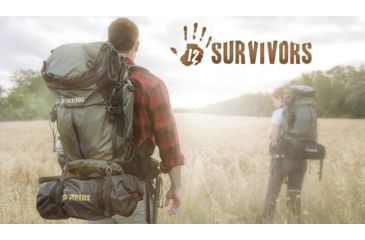 Image of 12 Survivors Windom 65 Backpack TS43001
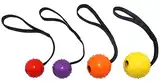 CAN CAT STRONG - BOLA CON PUNTAS Y STRAP NYLON ER056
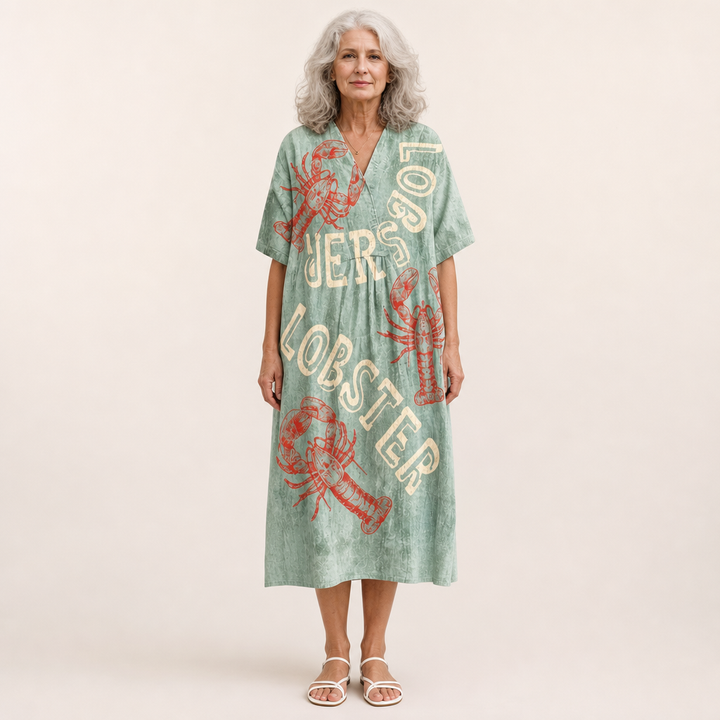 Inès - Comfortabele Zomerjurk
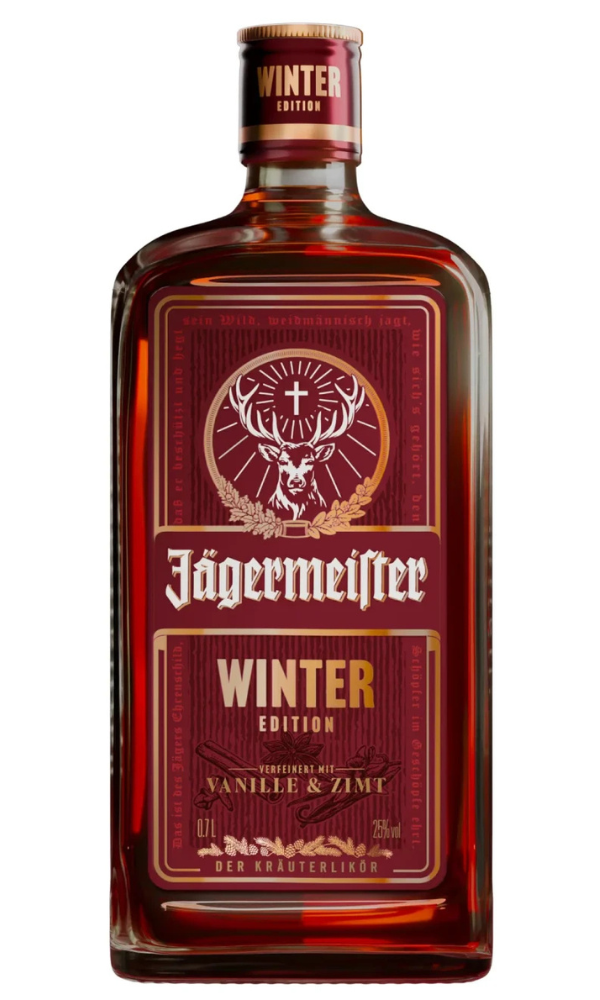Jagermeister Winter Edition 25% 0,7l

• **TASK DETAILS**
From the first line to the last, repeat the material exactly, but drop the pictures.

• **SOLUTION FOR THIS PROBLEM**
 Image of 12 Survivors Windom 65 Backpack TS43001
 CAN CAT STRONG - BOLA CON PUNTAS Y STRAP NYLON ER056
 Inès - Comfortabele Zomerjurk
Jagermeister Winter Edition 25% 0,7l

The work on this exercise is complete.